▶ **WHAT THIS TASK INVOLVES**
With the pictures left out, print exactly the lines below that run from the one containing "Citroen Berlingo M" through the one containing "Тгк: WNDR.beauty [club]".

▶ **SOURCE DATA**
------
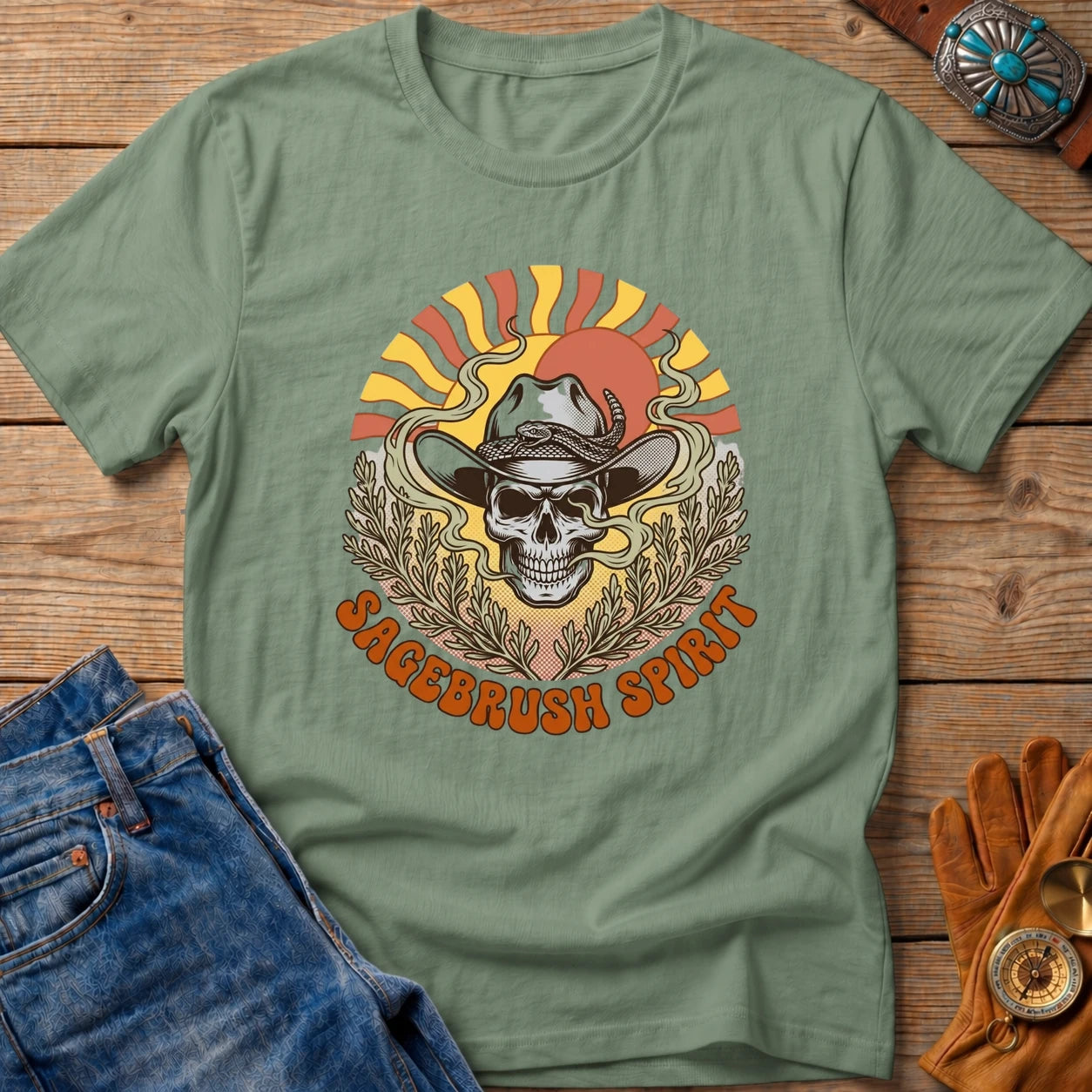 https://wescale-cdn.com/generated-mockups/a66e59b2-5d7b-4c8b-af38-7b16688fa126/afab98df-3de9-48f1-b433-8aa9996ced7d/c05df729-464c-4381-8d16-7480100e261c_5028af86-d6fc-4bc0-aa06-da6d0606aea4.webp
------
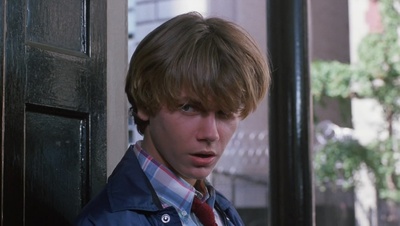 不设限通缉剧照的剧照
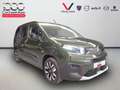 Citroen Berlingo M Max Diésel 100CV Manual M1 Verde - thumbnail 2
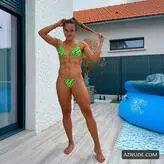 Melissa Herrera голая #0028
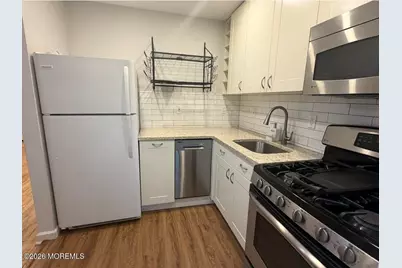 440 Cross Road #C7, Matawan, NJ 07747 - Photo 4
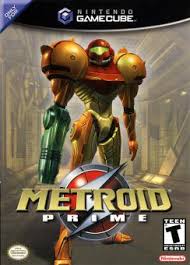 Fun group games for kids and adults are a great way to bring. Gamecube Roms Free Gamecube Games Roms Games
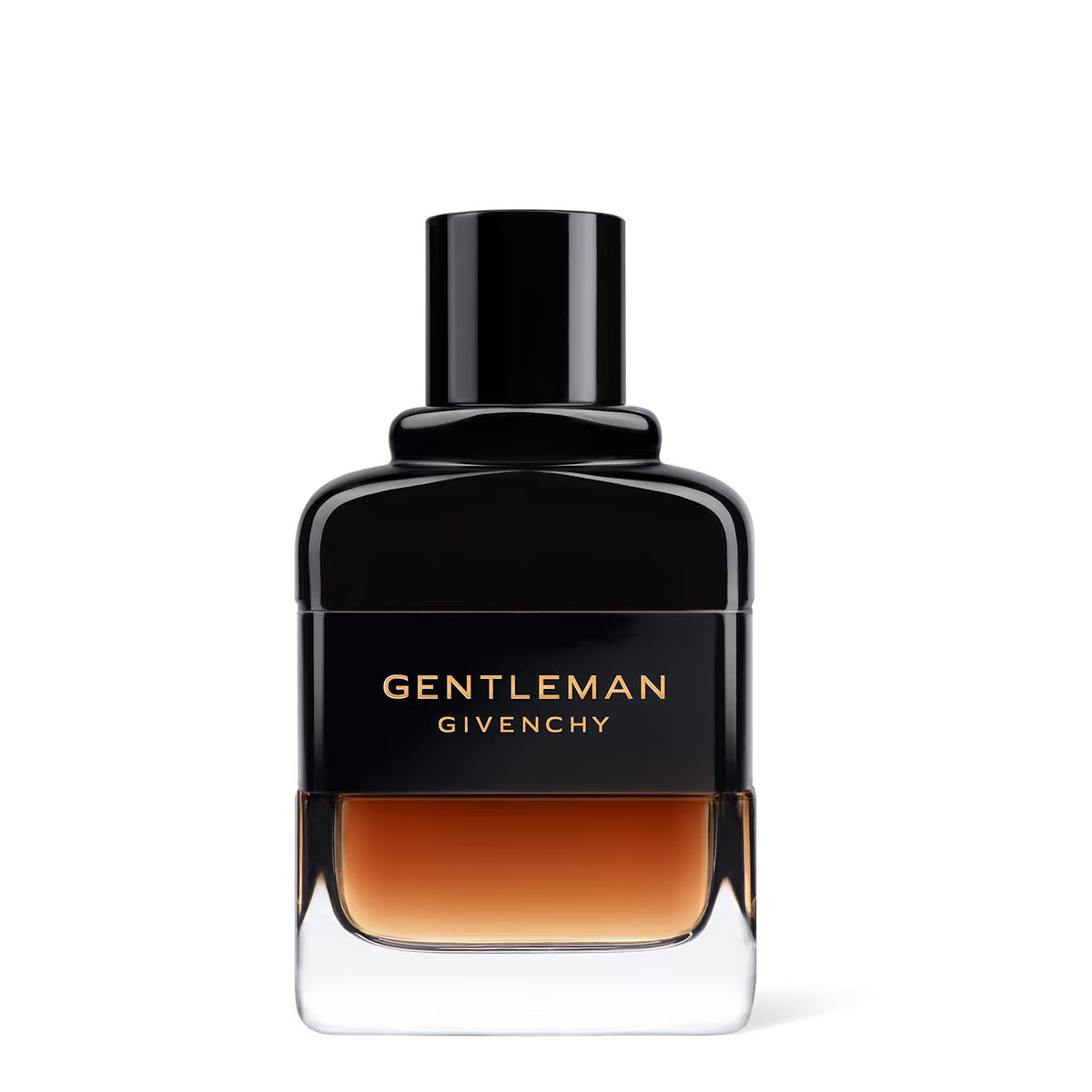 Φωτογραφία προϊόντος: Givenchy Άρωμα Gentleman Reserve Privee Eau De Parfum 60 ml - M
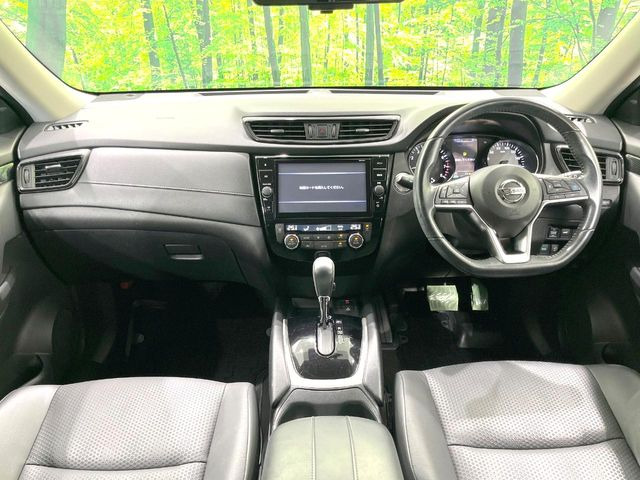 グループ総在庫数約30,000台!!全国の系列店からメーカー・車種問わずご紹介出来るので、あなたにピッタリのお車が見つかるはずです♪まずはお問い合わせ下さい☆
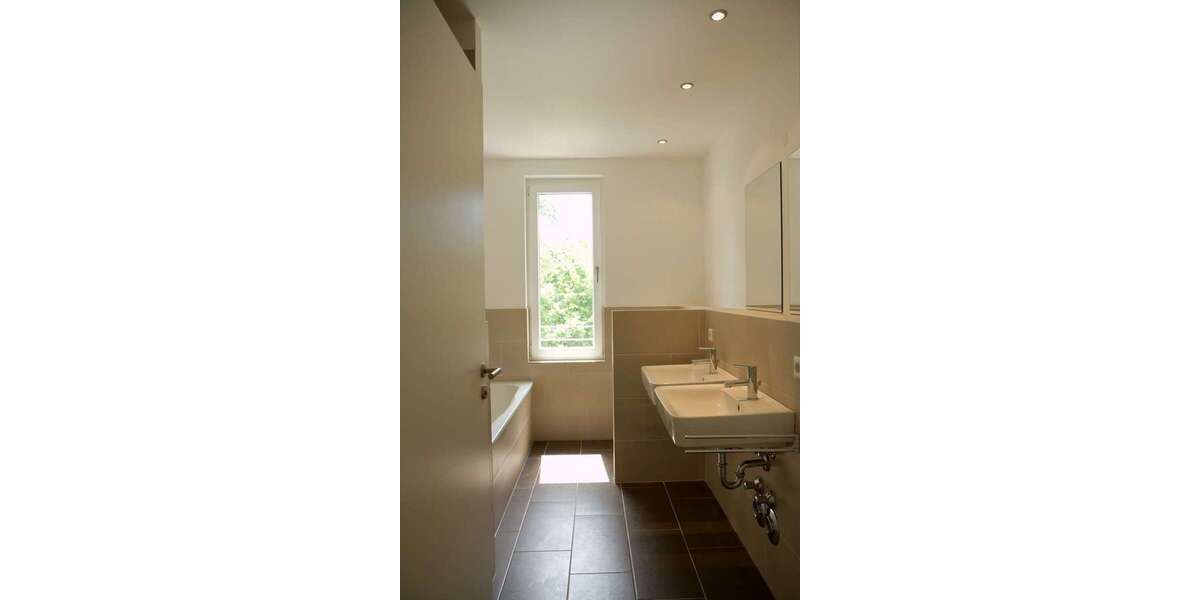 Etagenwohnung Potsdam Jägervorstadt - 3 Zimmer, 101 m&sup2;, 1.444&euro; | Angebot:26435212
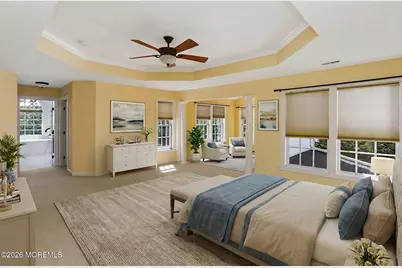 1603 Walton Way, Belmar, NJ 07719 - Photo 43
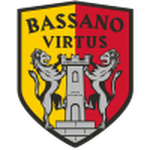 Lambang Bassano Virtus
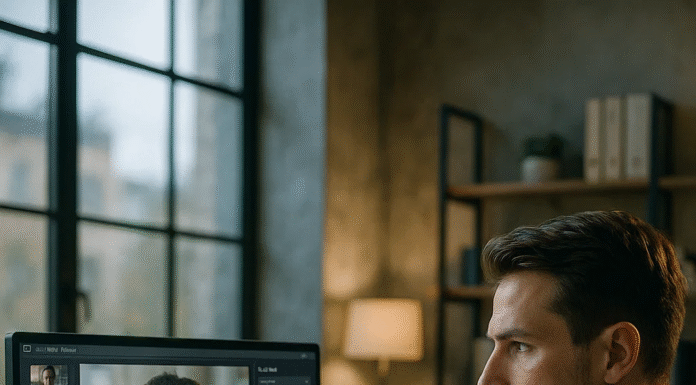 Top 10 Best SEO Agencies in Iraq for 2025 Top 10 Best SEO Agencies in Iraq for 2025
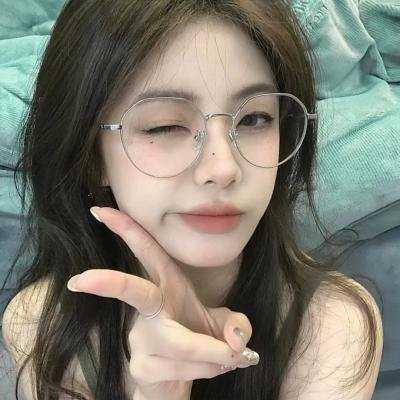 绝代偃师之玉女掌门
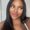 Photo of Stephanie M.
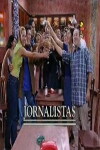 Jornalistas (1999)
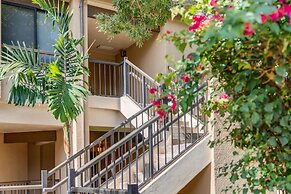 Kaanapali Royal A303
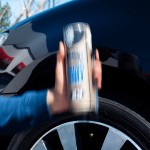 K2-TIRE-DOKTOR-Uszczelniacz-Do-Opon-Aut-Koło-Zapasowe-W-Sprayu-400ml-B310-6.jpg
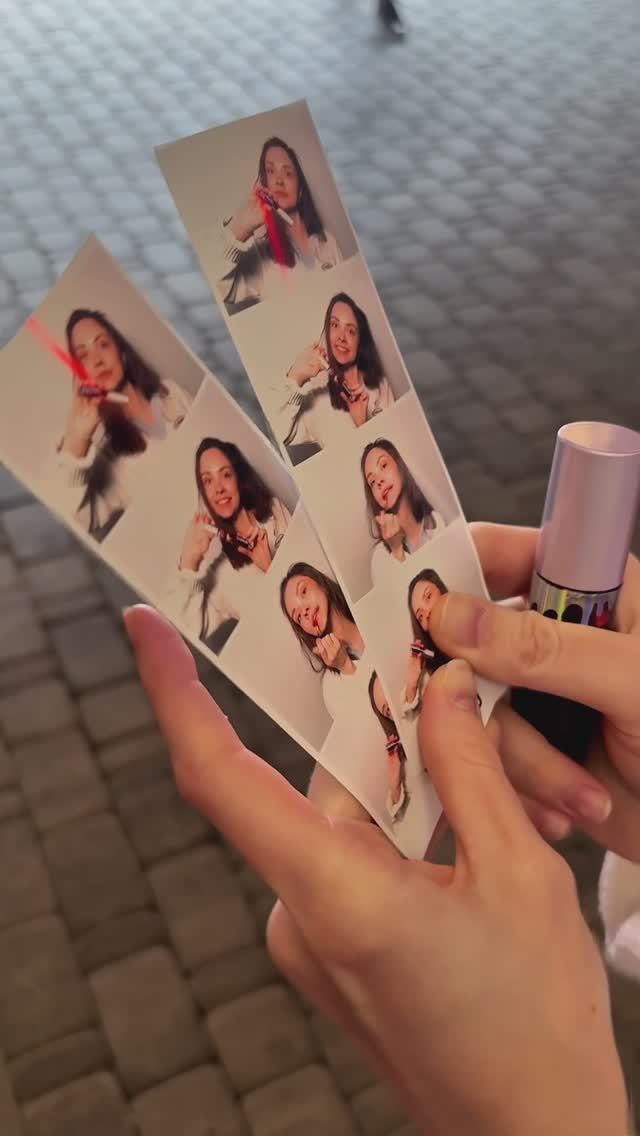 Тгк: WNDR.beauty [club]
------
▶ **EXERCISE ANSWER**
 Citroen Berlingo M Max Diésel 100CV Manual M1 Verde - thumbnail 2
 Melissa Herrera голая #0028
 440 Cross Road #C7, Matawan, NJ 07747 - Photo 4
 Fun group games for kids and adults are a great way to bring. Gamecube Roms Free Gamecube Games Roms Games
 Φωτογραφία προϊόντος: Givenchy Άρωμα Gentleman Reserve Privee Eau De Parfum 60 ml - M
 グループ総在庫数約30,000台!!全国の系列店からメーカー・車種問わずご紹介出来るので、あなたにピッタリのお車が見つかるはずです♪まずはお問い合わせ下さい☆
 Etagenwohnung Potsdam Jägervorstadt - 3 Zimmer, 101 m&sup2;, 1.444&euro; | Angebot:26435212
 1603 Walton Way, Belmar, NJ 07719 - Photo 43
 Lambang Bassano Virtus
 Top 10 Best SEO Agencies in Iraq for 2025 Top 10 Best SEO Agencies in Iraq for 2025
 绝代偃师之玉女掌门
 Photo of Stephanie M.
 Jornalistas (1999)
 Kaanapali Royal A303
 K2-TIRE-DOKTOR-Uszczelniacz-Do-Opon-Aut-Koło-Zapasowe-W-Sprayu-400ml-B310-6.jpg
 Тгк: WNDR.beauty [club]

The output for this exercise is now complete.